ASSIGNED TASK: Return the lines of the material below exactly, beginning with the line that has "ที่ชาร์จ Yesido YC69" in it and finishing with the line that has "Bluey Apple & Banana Pouch 4x100g by Goodies" in it. Leave all pictures aside.

EXCERPTED DATA:
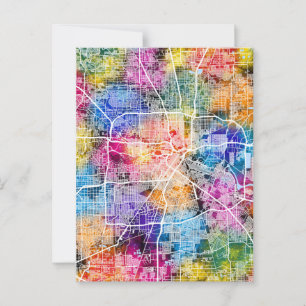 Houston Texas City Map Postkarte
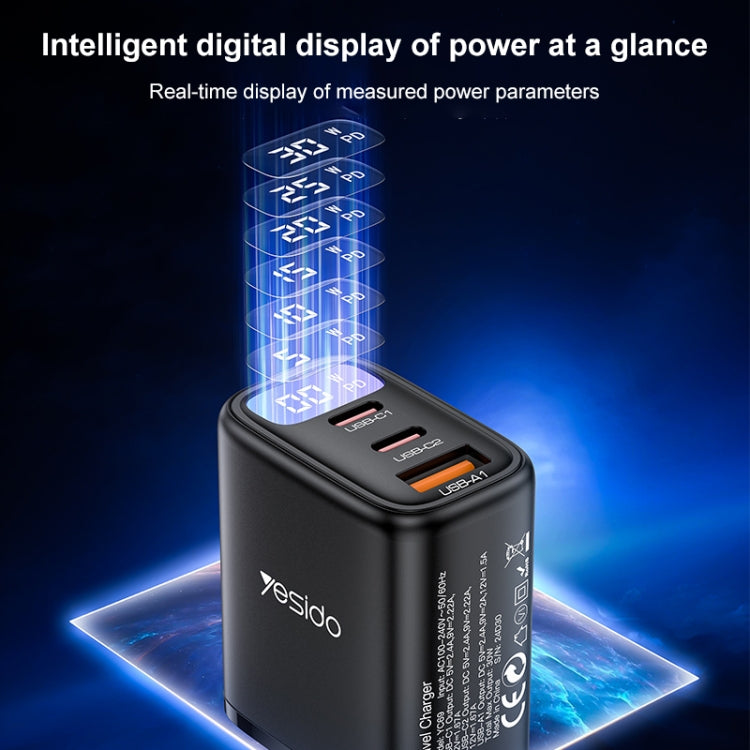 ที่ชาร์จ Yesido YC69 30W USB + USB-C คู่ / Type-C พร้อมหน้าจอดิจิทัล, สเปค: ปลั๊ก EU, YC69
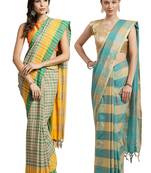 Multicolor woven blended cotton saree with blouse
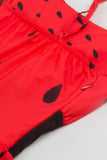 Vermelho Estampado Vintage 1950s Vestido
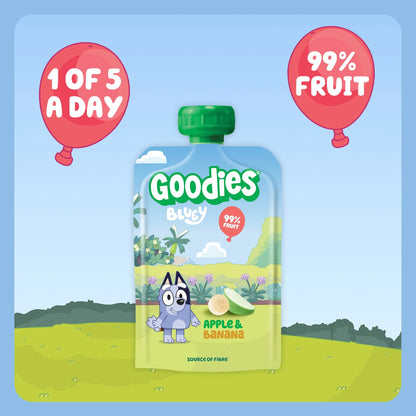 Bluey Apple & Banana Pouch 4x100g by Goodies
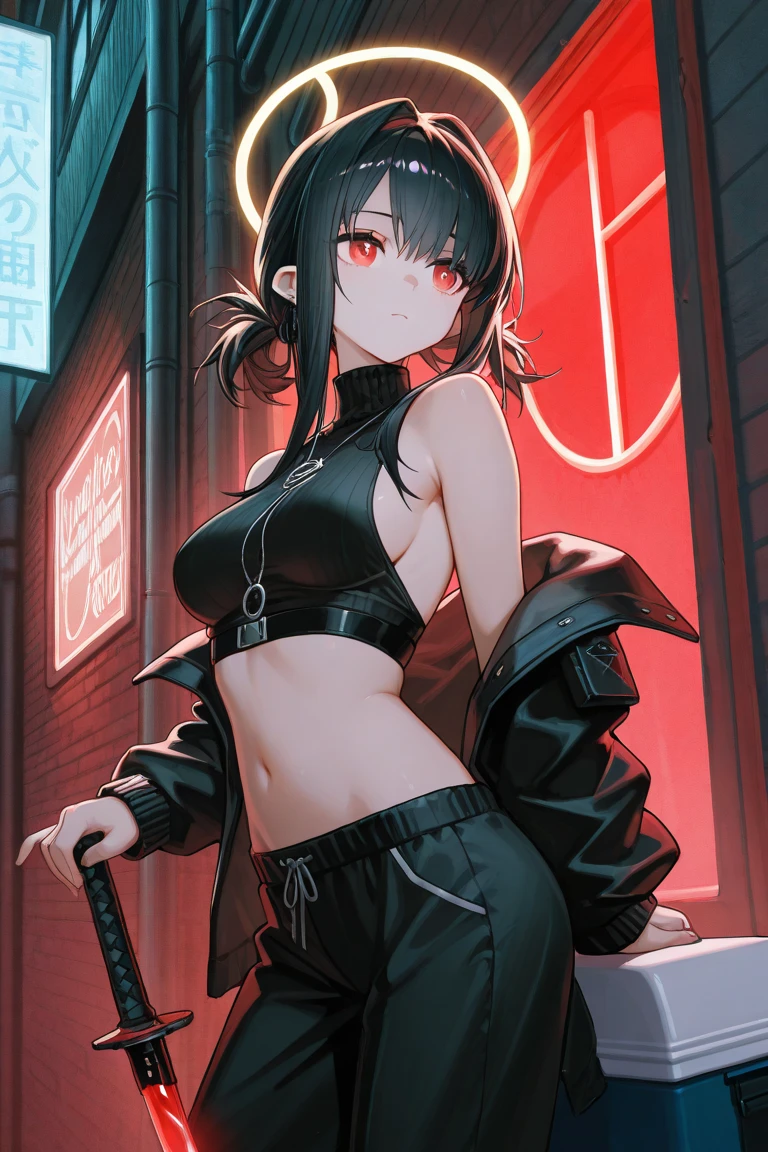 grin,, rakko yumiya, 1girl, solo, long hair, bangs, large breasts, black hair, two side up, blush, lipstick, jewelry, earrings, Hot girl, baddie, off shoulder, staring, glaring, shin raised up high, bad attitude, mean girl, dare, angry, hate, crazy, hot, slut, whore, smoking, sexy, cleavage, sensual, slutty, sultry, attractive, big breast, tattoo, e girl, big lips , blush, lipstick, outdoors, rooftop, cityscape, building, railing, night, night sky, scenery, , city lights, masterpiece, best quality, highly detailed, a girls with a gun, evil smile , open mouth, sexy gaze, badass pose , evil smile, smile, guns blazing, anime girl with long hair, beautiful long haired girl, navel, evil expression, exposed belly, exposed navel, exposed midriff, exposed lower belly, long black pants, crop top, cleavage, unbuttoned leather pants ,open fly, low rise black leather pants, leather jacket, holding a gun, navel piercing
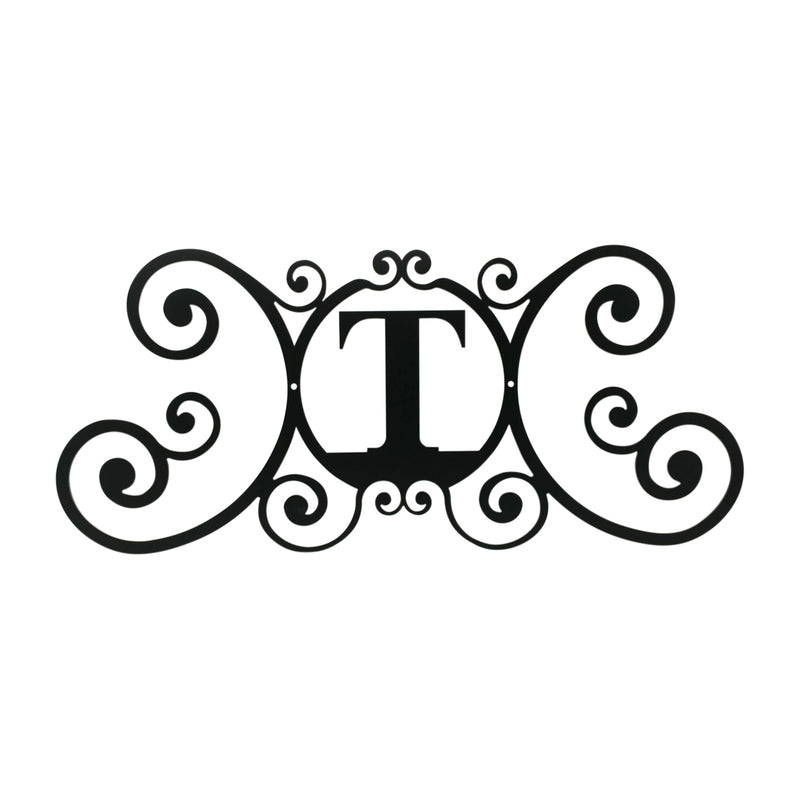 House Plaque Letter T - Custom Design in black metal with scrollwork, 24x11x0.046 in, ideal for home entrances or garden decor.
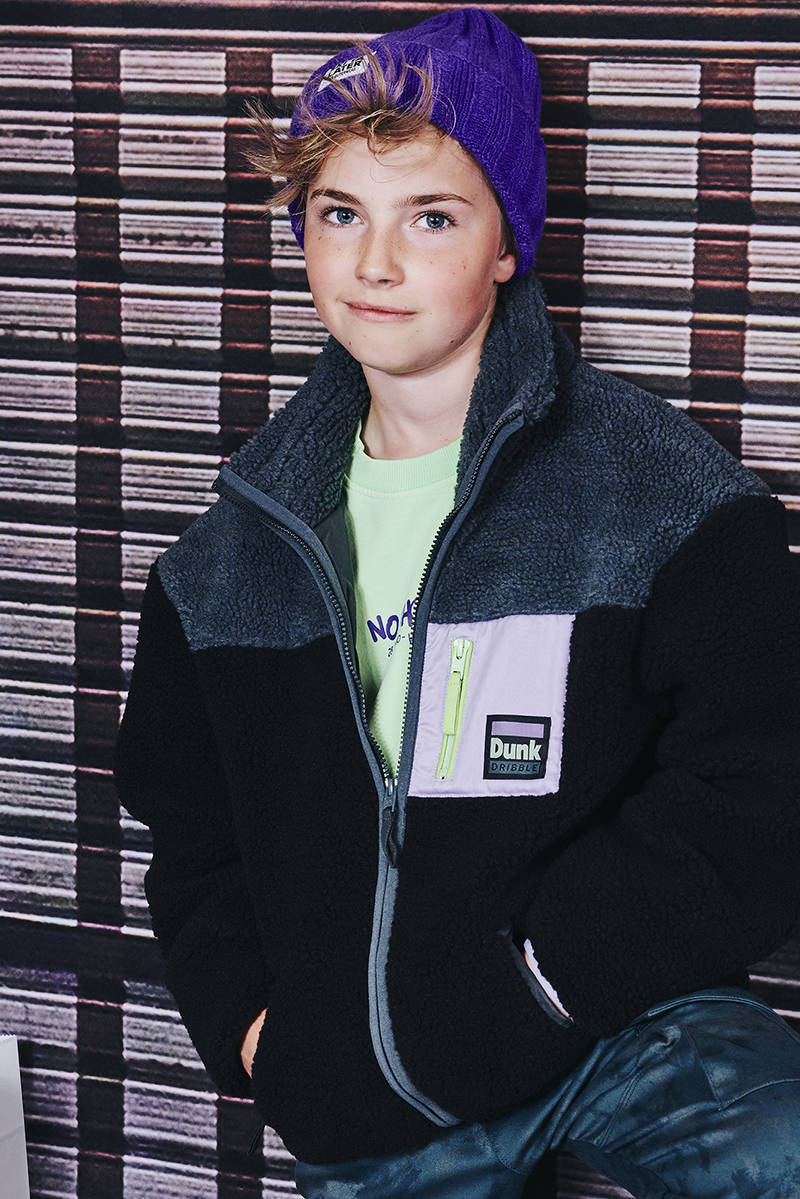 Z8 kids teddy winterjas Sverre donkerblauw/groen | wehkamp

---

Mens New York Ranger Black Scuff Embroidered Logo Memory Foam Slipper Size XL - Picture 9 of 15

OUTPUT BELOW:
 ที่ชาร์จ Yesido YC69 30W USB + USB-C คู่ / Type-C พร้อมหน้าจอดิจิทัล, สเปค: ปลั๊ก EU, YC69
 Multicolor woven blended cotton saree with blouse
 Vermelho Estampado Vintage 1950s Vestido
 Bluey Apple & Banana Pouch 4x100g by Goodies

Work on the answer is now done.